INFORMATION SUPPLIED >>

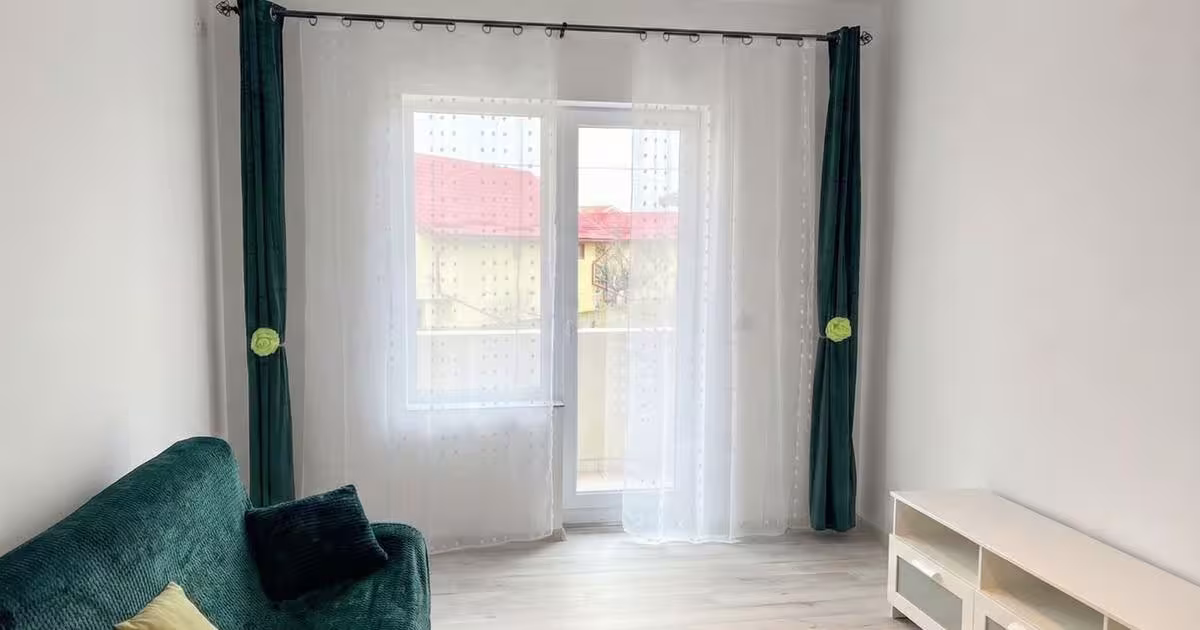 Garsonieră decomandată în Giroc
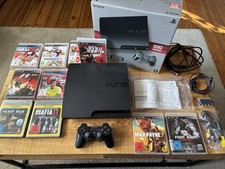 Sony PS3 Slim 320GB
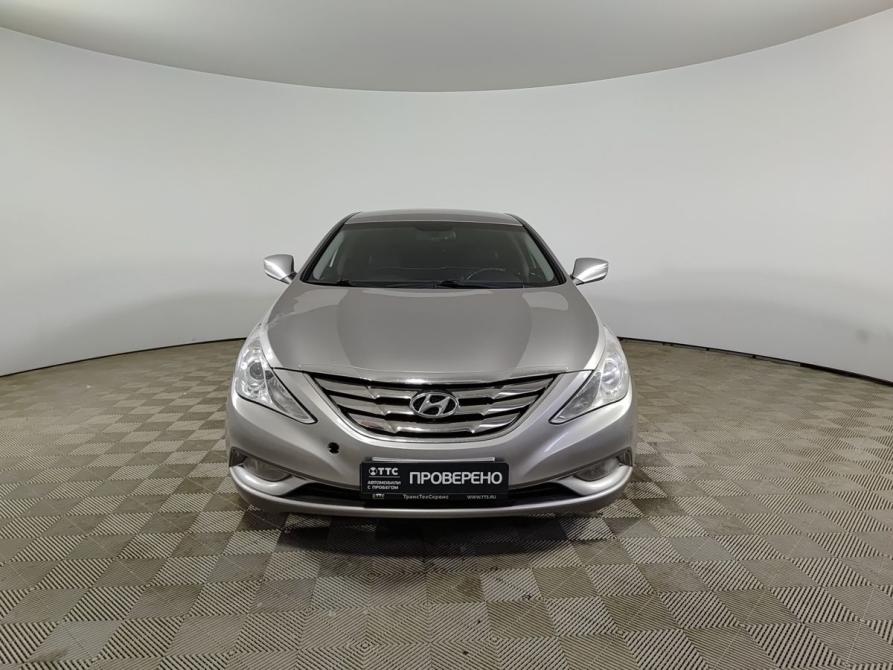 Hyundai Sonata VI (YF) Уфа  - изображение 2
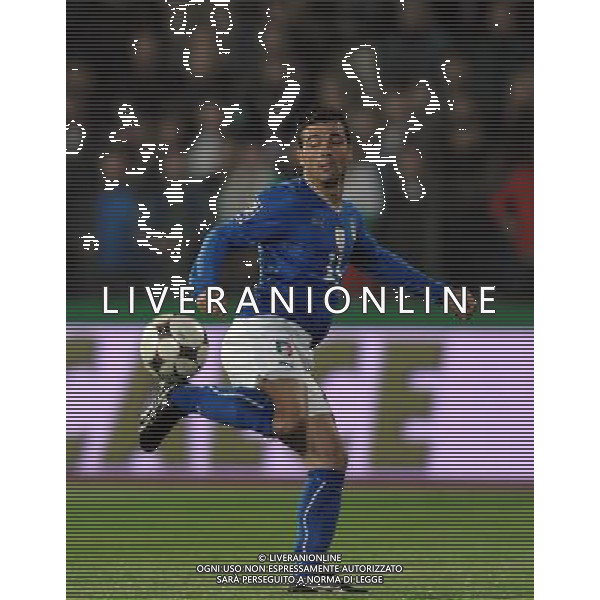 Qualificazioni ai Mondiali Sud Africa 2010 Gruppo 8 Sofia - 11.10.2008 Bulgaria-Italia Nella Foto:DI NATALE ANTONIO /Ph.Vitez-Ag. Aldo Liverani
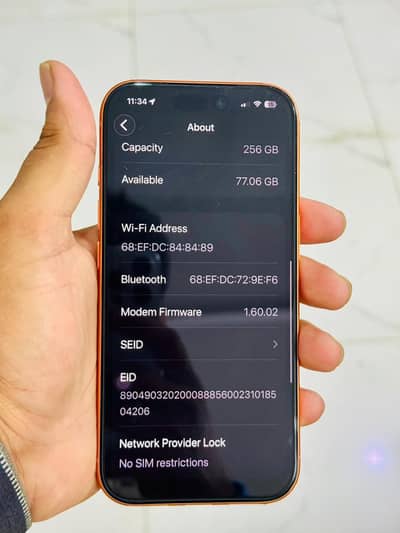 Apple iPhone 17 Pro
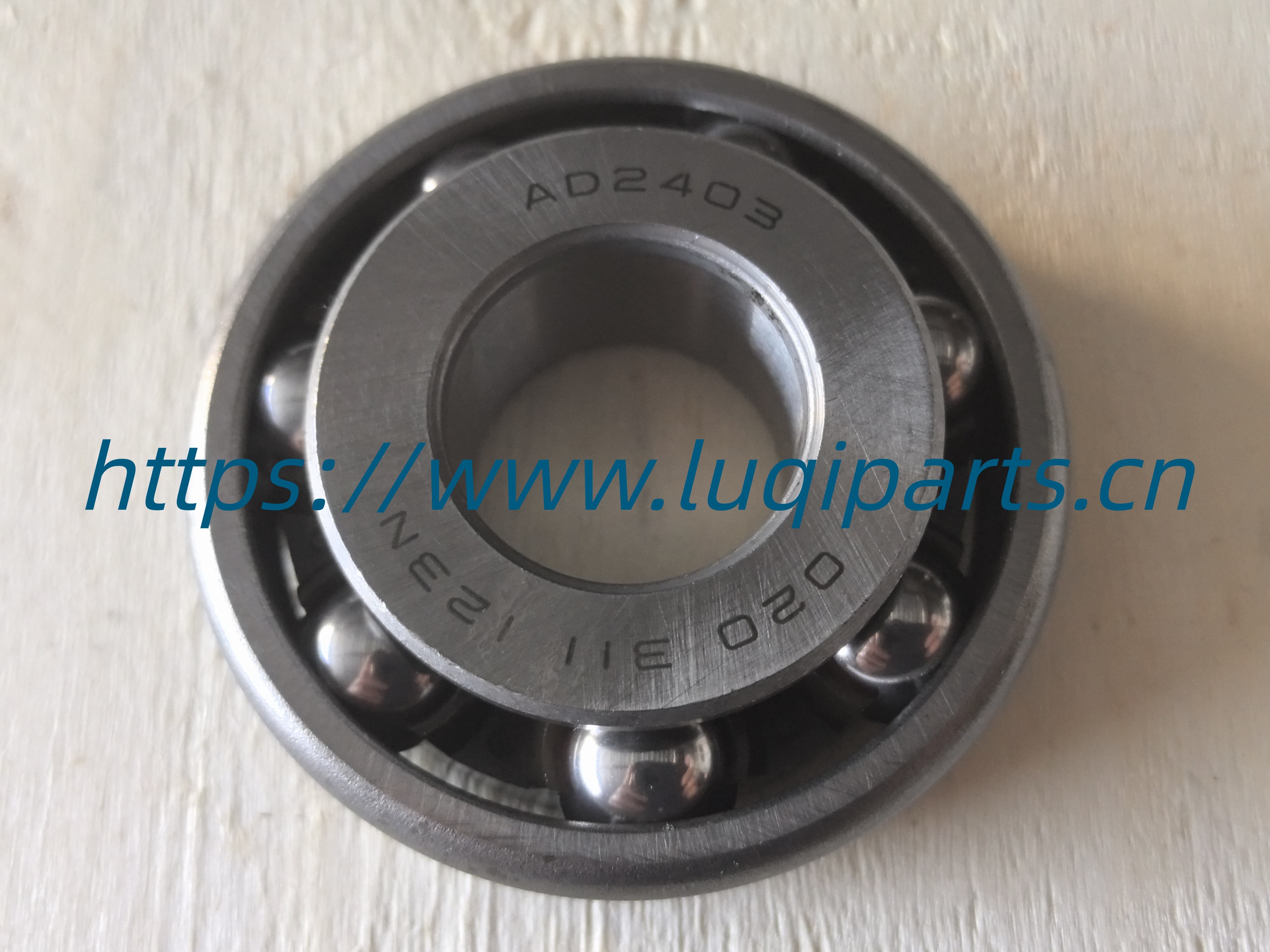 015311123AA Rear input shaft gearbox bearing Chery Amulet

WHAT YOU HAVE TO DO >> If a line holds a picture, skip the picture and transcribe the rest of the material exactly.

EXERCISE RESULT >>
 Garsonieră decomandată în Giroc
 Sony PS3 Slim 320GB
 Hyundai Sonata VI (YF) Уфа  - изображение 2
 Qualificazioni ai Mondiali Sud Africa 2010 Gruppo 8 Sofia - 11.10.2008 Bulgaria-Italia Nella Foto:DI NATALE ANTONIO /Ph.Vitez-Ag. Aldo Liverani
 Apple iPhone 17 Pro
 015311123AA Rear input shaft gearbox bearing Chery Amulet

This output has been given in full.